■ Your task
Give back only the lines in the records below from the one with "Bình đựng dầu" to the one with "Contemporary open-concept living", both inclusive, word for word.

■ Records for this task
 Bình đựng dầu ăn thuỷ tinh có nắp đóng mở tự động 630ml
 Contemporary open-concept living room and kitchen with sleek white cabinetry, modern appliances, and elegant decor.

==

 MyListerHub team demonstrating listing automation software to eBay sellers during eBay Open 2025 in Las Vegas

==

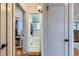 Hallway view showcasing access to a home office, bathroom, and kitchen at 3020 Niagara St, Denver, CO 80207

■ Problem solution
 Bình đựng dầu ăn thuỷ tinh có nắp đóng mở tự động 630ml
 Contemporary open-concept living room and kitchen with sleek white cabinetry, modern appliances, and elegant decor.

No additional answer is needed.